[Data below]:

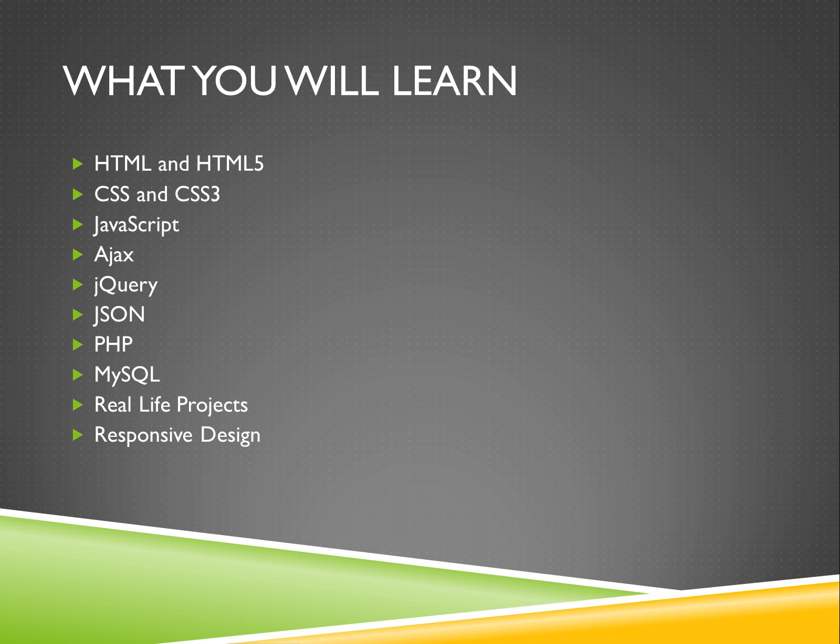This course is really great because we don't leave you with just an understanding of the basics. Every skill you learn in this course has companion sections with hours of content that touches on intermediate and advanced topics in web development.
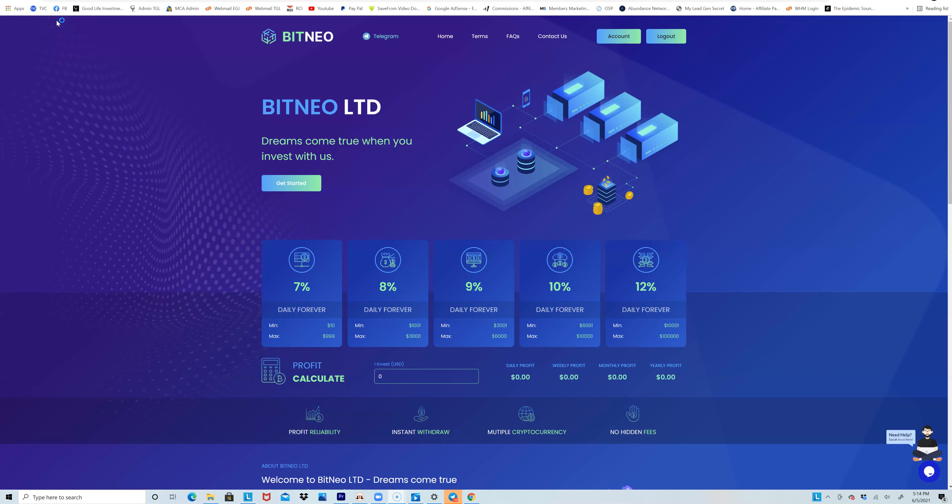Alright, so with this opportunity I'm about to log in and show you how much I've made so far. We get paid every single day with this opportunity, anywhere between 7% to 12%. I can't stress this enough - when you come into this game, understand that this is a risk.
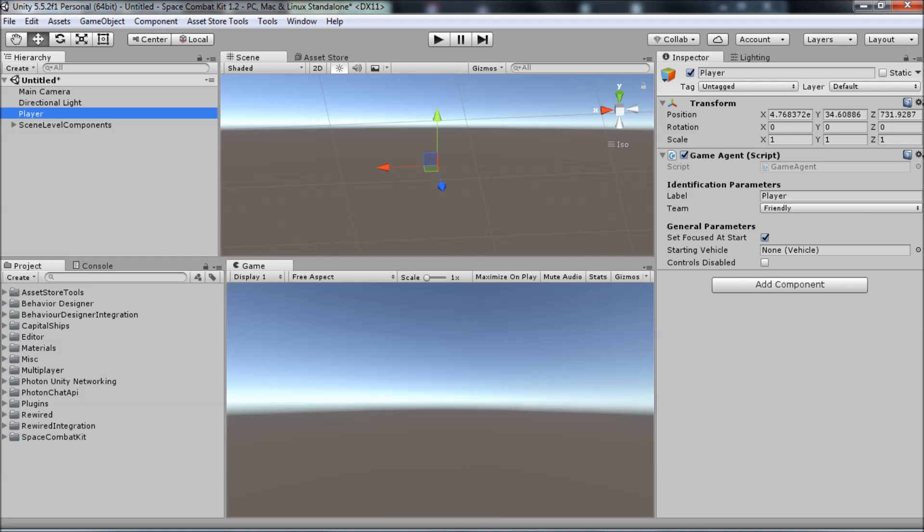In the last video, we created the player but they don't have a vehicle yet. In this video, we won't be creating the vehicle just yet. Instead, we'll go over conceptually how the kit has been designed to provide as much flexibility for you in creating your game as possible.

[Exercise directions]: Start at the first line and set down all of the data exactly, passing over the pictures.

[Answer for this exercise]:
This course is really great because we don't leave you with just an understanding of the basics. Every skill you learn in this course has companion sections with hours of content that touches on intermediate and advanced topics in web development.
Alright, so with this opportunity I'm about to log in and show you how much I've made so far. We get paid every single day with this opportunity, anywhere between 7% to 12%. I can't stress this enough - when you come into this game, understand that this is a risk.
In the last video, we created the player but they don't have a vehicle yet. In this video, we won't be creating the vehicle just yet. Instead, we'll go over conceptually how the kit has been designed to provide as much flexibility for you in creating your game as possible.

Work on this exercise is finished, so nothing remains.